Wednesday, August 27, 2014

A Family Affair in Jihad

"I do know from my colleagues at home that we are close. But forgive me if I can't go much further than that at this point."
"We're putting out a great deal of resource into identifying this person. And there are some very sophisticated technologies, voice identification and so on, which people can use to check who these people are."
Raffaello Pantucci, director, international security studies, Royal United Services Institute
'Vengeful extremist': Others images show Bary's gradual slide into extremism including this one apparently showing the 23-year-old former lyricist in military fatigues and a mask wihle wielding a machine gun
'Vengeful extremist': Others images show Bary's gradual slide into extremism including this one apparently showing the 23-year-old former lyricist in military fatigues and a mask wihle wielding a machine gun

Who 'these people are', is immigrants whom Great Britain generously opened its shores to. Giving them the opportunity to make their futures and for many, their fortunes on British soil, taking advantage of the freedoms given them as settlers and citizens of a new country willing to give them haven and advance their interests.

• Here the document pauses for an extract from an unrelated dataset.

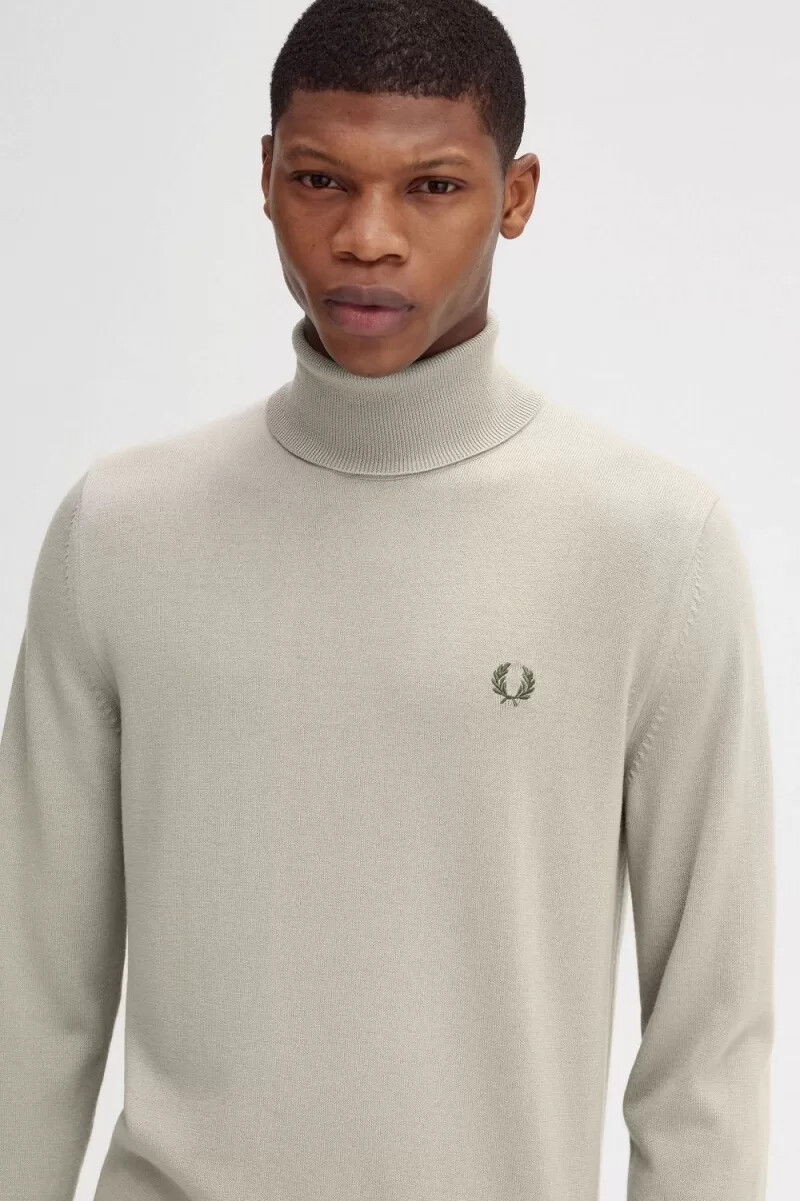 fred perry roll neck mens jumper dark oatmeal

In payment of which, Britain has discovered it was all the while nurturing one generation after another of vultures, vicious fanatics whose clasp of their religion's major tenet to jihad has informed their actions, to the disquieting effect of becoming within the country a dire threat to peace and stability, let alone destroying the values and heritage through which that country knows itself and its place in the world community.

Britain, it seems, has harboured no end of Islamist fanatics; they creep out of the woodworks, out from under wharfs and rocks to insist on using the laws of the United Kingdom to further their advance toward eclipsing the laws of the land by Sharia law, overturning tradition and justice through clever manipulation of democratic adherence to equality and liberty.

Adel Abdel Bary is one such terrorist, affiliated with al-Qaeda, now awaiting trial in the United States, charged with the bombing of two American embassies in Kenya and Tanzania that caused the deaths of 224 people. An Egyptian who had been given asylum in Britain in 1993, Mr. Bary was extradited to the U.S. at the very same time as the imam Abu Hamza from the Finsbury Park mosque, an infamous centre of Islamist incitement.

The man, now 54, is charged with 213 counts of premeditated murder for the Nairobi embassy bombing and another 11 counts for the attack in Dar es Salaam; charged as well with conspiracy to use weapons of mass destruction. His trial is due to begin in November. As often enough happens, the son follows the father in the old adage of the apple never falling far from the tree that bore it. His son is a rapper who amassed considerable social and commercial success under the name 'Lyricist Jinn'.

He rapped of his father's prosecution, and the younger Bary travelled to Syria to fight with ISIS. He posted a photograph of himself on Twitter earlier in the year holding aloft a severed head with his telling comment: "Chillin' with my homie or what's left of him". Mr. Pantucci, however, who has authored a book on Muslim extremists in Britain, has the impression that Abdel-Majed Abdel Bary also known as "John" simply picked up a random severed head among those in a pile.

But he is now suspected also of being the man behind the black ISIS mask who beheaded American journalist James Foley. If so, his threats to treat another American reporter Steven Sotloff, similarly, may herald the entry of the United States in a far more forceful way into the push-back against the Islamic State in Syria and Iraq. Even yet stated a senior U.S. law enforcement official "If things stay the way they are now, it would be difficult to kill or capture the suspect."